» **Your task**: Give the listing again exactly, skipping any pictures it holds.

» **Data excerpt**:

=== Section Start ===

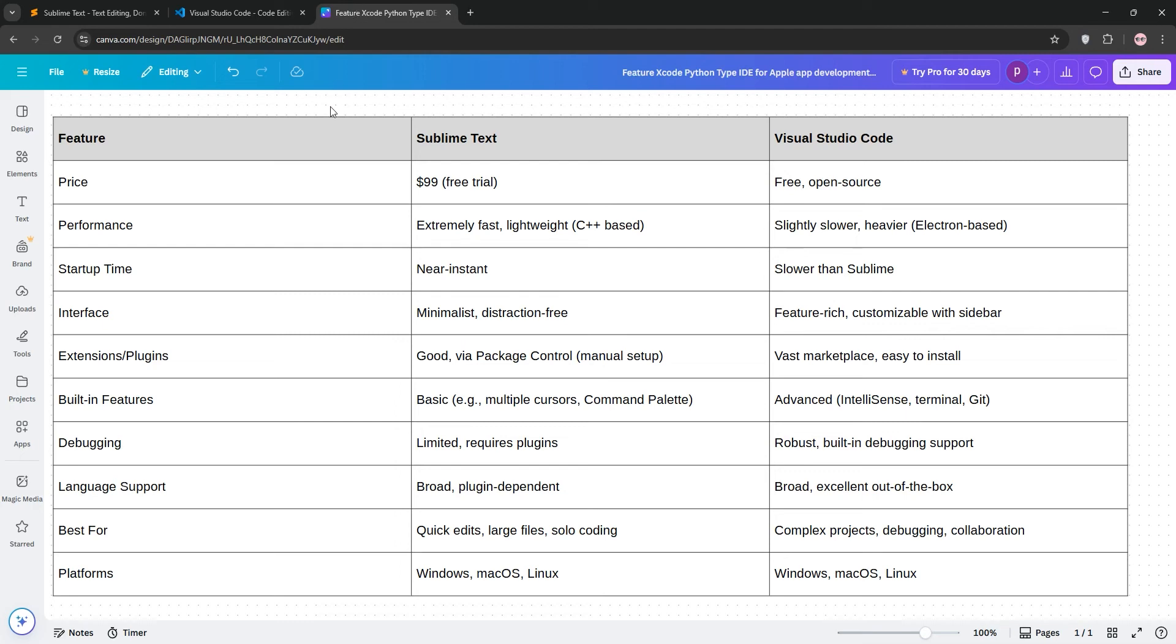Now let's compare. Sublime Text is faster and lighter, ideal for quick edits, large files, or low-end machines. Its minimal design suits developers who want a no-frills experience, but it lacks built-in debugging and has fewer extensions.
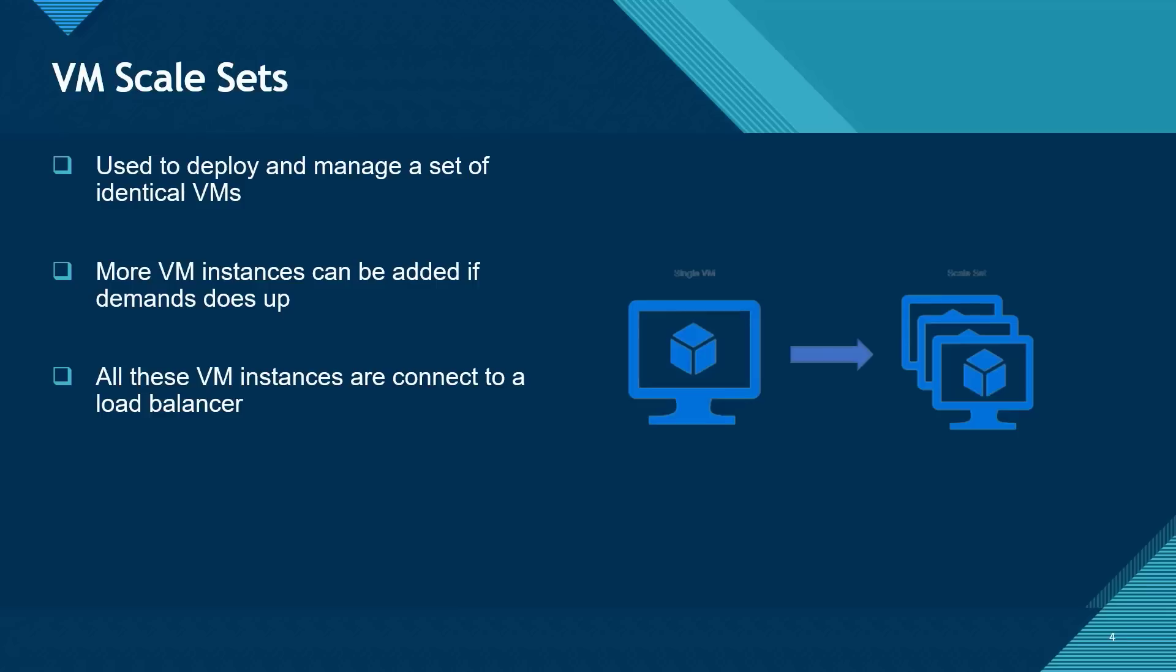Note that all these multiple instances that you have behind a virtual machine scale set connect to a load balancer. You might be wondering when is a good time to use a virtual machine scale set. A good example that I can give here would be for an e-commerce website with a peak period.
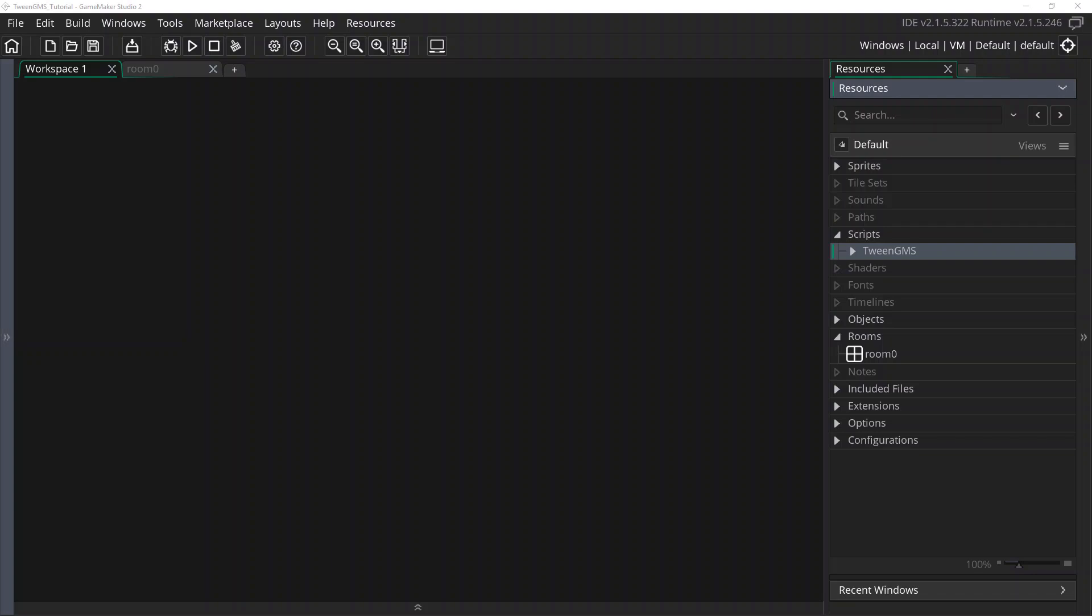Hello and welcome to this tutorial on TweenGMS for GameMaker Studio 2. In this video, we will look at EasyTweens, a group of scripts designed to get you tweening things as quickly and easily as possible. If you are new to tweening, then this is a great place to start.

=== Section End ===

» **Reply to the task**:
Now let's compare. Sublime Text is faster and lighter, ideal for quick edits, large files, or low-end machines. Its minimal design suits developers who want a no-frills experience, but it lacks built-in debugging and has fewer extensions.
Note that all these multiple instances that you have behind a virtual machine scale set connect to a load balancer. You might be wondering when is a good time to use a virtual machine scale set. A good example that I can give here would be for an e-commerce website with a peak period.
Hello and welcome to this tutorial on TweenGMS for GameMaker Studio 2. In this video, we will look at EasyTweens, a group of scripts designed to get you tweening things as quickly and easily as possible. If you are new to tweening, then this is a great place to start.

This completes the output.